FSE CEO Mariette Liefferink said in a statement last week that the non government organisation (NGO) was “compelled to lay criminal charges against Mintails and to report the matter to the Office of the Public Protector”, following what she claimed was environmental noncompliance at the miner’s Witwatersrand operations, west of Johannesburg.
In a telephonic conversation with Mining Weekly Online on Monday, Lieferink confirmed that the FSE would officially lay charges against Mintails at the Mogale City Police Station on Tuesday and was scheduled to meet with a Public Protector representative on June 4 to address the FSE’s claims of noncompliance by Mintails and other miners in the area.
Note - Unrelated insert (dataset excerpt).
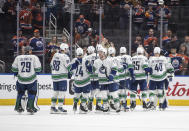 Vancouver Canucks players celebrate the win over the Edmonton Oilers after Game 3 of an NHL hockey Stanley Cup second-round playoff series in Edmonton, Alberta, Sunday, May 12, 2024. (Jason Franson/The Canadian Press via AP)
Among the documents cited by Lieferink as supporting these claims was an external WUL audit report that had been compiled by independent consultant Turton in March, which Liefferink said had revealed several areas of noncompliance.
The FSE also referenced two directives issued to Mintails by the Department of Minerals Resources (DMR) and the Department of Water Affairs (DWA) in December and January respectively, the first of which confirmed a recurrence of pollution owing to mining activities, while the latter, among others, directed the mine to “clean up spillages of slimes along the pipeline route”.
Turton, however, strongly rejected the FSE’s allegations of criminal culpability, telling Mining Weekly Online in an email that, while his audit had revealed some issues of noncompliance, these were largely procedural, indicating that administrative “problems”, such as missing a deadline, not titling a report correctly, or the company not being aware of certain requirements, had prevented compliance. “More importantly, there are many areas of noncompliance that are underpinned by grey areas of uncertainty.
These mostly relate to the integration of three pieces of legislation, the Mining and Petroleum Resources Development Act (MPRDA), the National Environmental Management Act (Nema) and the National Water Act, none of which speak to each other,” he commented. According to Turton, this was “comprehensively” dealt with in the external audit report , which offered the company a set of recommendations in this regard.
The areas of “major” noncompliance listed in the audit report included the missing of a deadline for the completion of an internal audit; the failure to appoint an external auditor; the lack of flow metering in one of the systems; a geotechnical report on the West Wits Pit; the lack of a formal runoff management plant for Lancaster dam; inadequate access control and safety notices; and the absence of a formal rehabilitation plan for the entire Lancaster dam area. Turton added that the WUL was largely an “aspirational document”, in that it created a framework for a future in which water resource management was improved over time. “The WUL gives you rights, but also stipulates responsibilities, many of which have to be phased in over time.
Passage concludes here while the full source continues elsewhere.